Any intervention to a public space involves great responsibility, as it is a gesture that affects people’s spatial experience and contributes (or not) in developing a collective consciousness. When we were asked to form a proposal for the renovation of the entrance to the Castle of Monemvasia, a project that was initially considered of limited scope and of primarily circulatory interest, we undertook the challenge with a deep awareness of its significance. Our first concern was to extend the program in order to include both functional (traffic, parking, signage, stops, waste) and sensory qualities (the experience of approaching and entering the castle, textures of materials, thermal comfort, the relationship to the view and the wind).

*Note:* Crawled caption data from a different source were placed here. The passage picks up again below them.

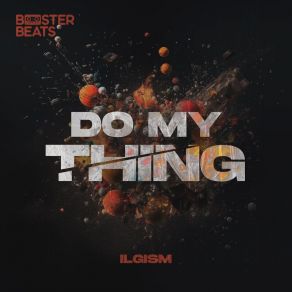 Download track Do My Thing (Extended Mix) ILGISM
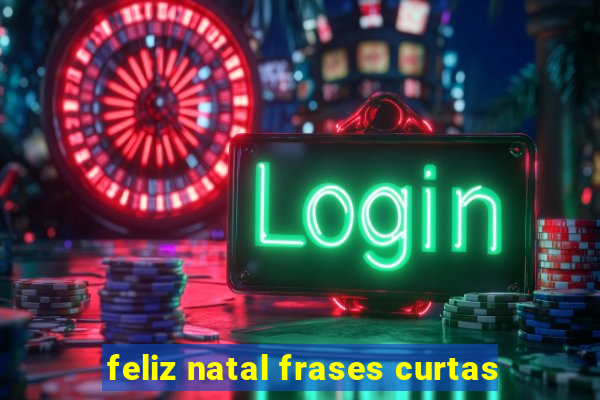 feliz natal frases curtas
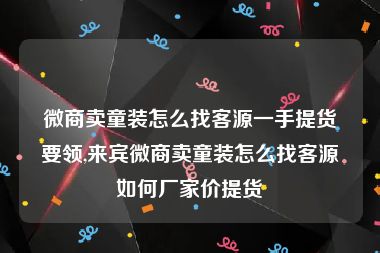 微商卖童装怎么找客源一手提货要领,来宾微商卖童装怎么找客源如何厂家价提货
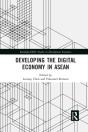 Developing The Digital Economy In Asean - Preview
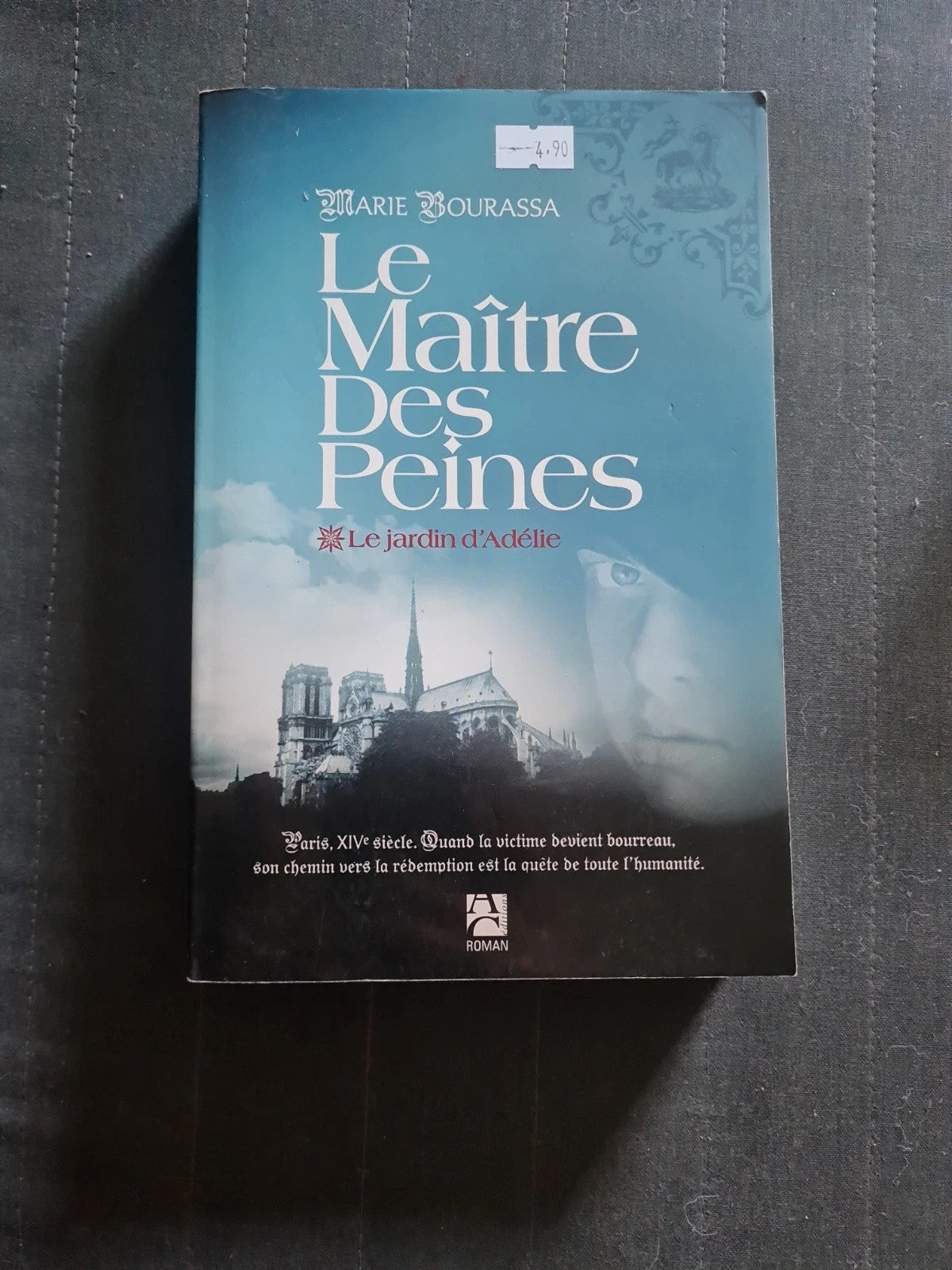 Le jardin d'Adélie, tome 1: Le Maître des peines, Marie Bourassa 547 pages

Countless hours of studying, researching and discussing fervently were required, in order to shape the right questions regarding the future of that shapeless and awkward space that welcomes thousands of tourists every day and accommodates hundreds of residents:
− What is the form of a contemporary monument that comes into contact and dialogue with a medieval castle, without competing, while also expressing its era?

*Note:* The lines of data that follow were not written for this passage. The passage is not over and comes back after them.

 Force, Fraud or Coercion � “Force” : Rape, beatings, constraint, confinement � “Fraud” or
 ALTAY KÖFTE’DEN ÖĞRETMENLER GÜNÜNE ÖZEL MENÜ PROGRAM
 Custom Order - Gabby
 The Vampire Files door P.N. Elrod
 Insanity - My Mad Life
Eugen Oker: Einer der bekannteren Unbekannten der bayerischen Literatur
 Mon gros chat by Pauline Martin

− How can a public space currently used for passing through become welcoming and attractive and how can one breathe into it a poetic dimension?

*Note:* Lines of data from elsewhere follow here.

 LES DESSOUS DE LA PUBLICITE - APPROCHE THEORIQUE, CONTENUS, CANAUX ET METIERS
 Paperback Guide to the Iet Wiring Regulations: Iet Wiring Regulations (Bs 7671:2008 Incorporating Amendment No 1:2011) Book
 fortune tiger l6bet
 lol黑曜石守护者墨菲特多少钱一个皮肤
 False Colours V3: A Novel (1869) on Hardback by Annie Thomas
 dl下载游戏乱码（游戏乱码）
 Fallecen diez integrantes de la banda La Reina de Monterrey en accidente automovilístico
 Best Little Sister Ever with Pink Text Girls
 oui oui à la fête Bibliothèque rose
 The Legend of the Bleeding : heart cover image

− How can one prevent the parking of vehicles without the use of barriers, signs and chains?
The proposal’s broader objective is to strengthen the mystical experience of arriving at the castle and the unique coexistence of the monument with the magnificent laconian landscape. The intervention does not attract attention to itself; on the contrary, it directs one’s gaze to the actual protagonists, mainly the Castle, stripped of unnecessary uses and overcomplicated design. A polygonal square, by the standards of the Roman piazza, is the primary gesture, which is differentiated from the arrival path to the gate in terms of tilting and choice of material, and is devoted to human activity and interaction. The piazza’s configuration prevents the strong presence of vehicles in front of the gate, reinforcing that of pedestrians and creating a pleasant space which functions as a reception, stop and information area.